Benji, lui, est bien plus sociable et désinhibé. Très (trop) à l’aise en groupe, il dynamite et passe outre les conventions et les règles qui régissent toute situation. Benji a pourtant l’air de n’être jamais passé totalement du côté des adultes. Un peu bloqué dans la vie, sa verve trahit une profonde mélancolie. Ce sont des personnages qui sont sur la crête en permanence, entre angoisse et normalité. Comme en train d’opérer un numéro d’équilibriste.

Une grande partie du film prend appui sur ce décalage entre les deux cousins, éclipsant au passage les personnages secondaires. Le buddy movie est un poil programmatique, en raison d’un scénario un peu trop écrit. L’alchimie fonctionne pourtant entre les deux acteurs, qui trouvent l’un de leurs meilleurs rôles. Kieran Culkin, dans le celui de Benji, est particulièrement touchant. Sa gouaille laisse apercevoir un gouffre en lui, que l’acteur interprète avec beaucoup de justesse.

© Searchlights Pictures

Monde perdu

L’efficacité scénaristique verrouille cependant le film. Elle fige le décor polonais en carte postale dans laquelle les personnages sont amenés à circuler. L’usage exclusif et excessif de Chopin en bande sonore redouble cette impression de carte postale. En ce sens, le film reconduit un reproche que fait le personnage de Benji au guide, à l’égard du circuit organisé qui aseptise les endroits qu’ils visitent. Restent les plans du camp de Majdanek, où il faut saluer le travail du chef opérateur polonais Michal Dymek. Ce sont des lieux qui excluent toute possibilité de fiction, et où la comédie dramatique reste un temps sur le pas de la porte.

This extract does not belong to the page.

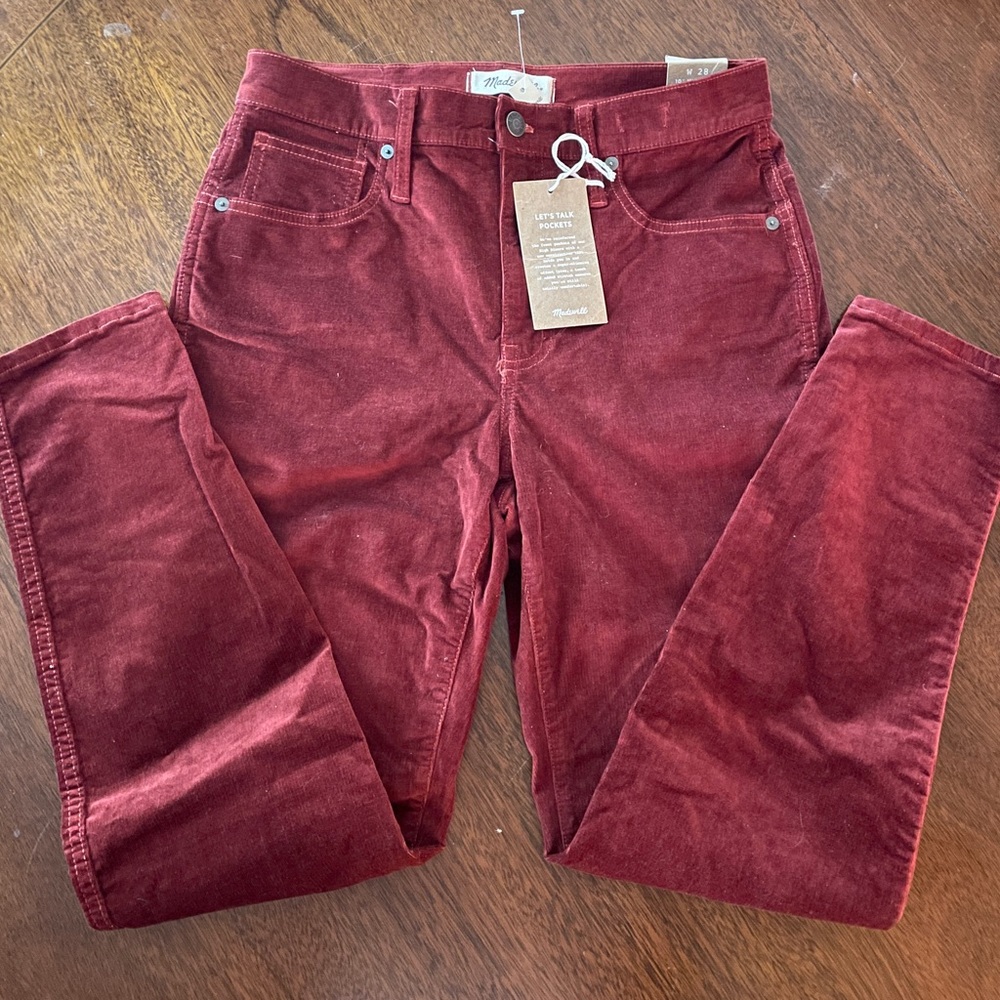 Madewell Cranberry Colored Corduroy Jeans, Petite 28 Skinny, NWT- Never worn.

A Real Pain propose néanmoins une méditation intéressante sur l’identité juive américaine. D’autant plus qu’elle rentre en contact ici avec le sol européen. Un plan montre les deux cousins qui marchent le long de la rivière Czechówka à Lublin. Ils passent au-dessus d’une longue fresque qui représente les scènes de la vie juive d’avant la guerre, à l’époque où une grande communauté juive peuplait la ville. Il met en scène une façon de se sentir autant construit par un monde dans lequel on a grandi, que par celui dans lequel on aurait peut-être dû grandir. C’est un trouble propre à la judéité que le film communique joliment, malgré une tendance à la surenchère verbale dans son écriture. Celui d’avancer sur les traces d’un monde perdu.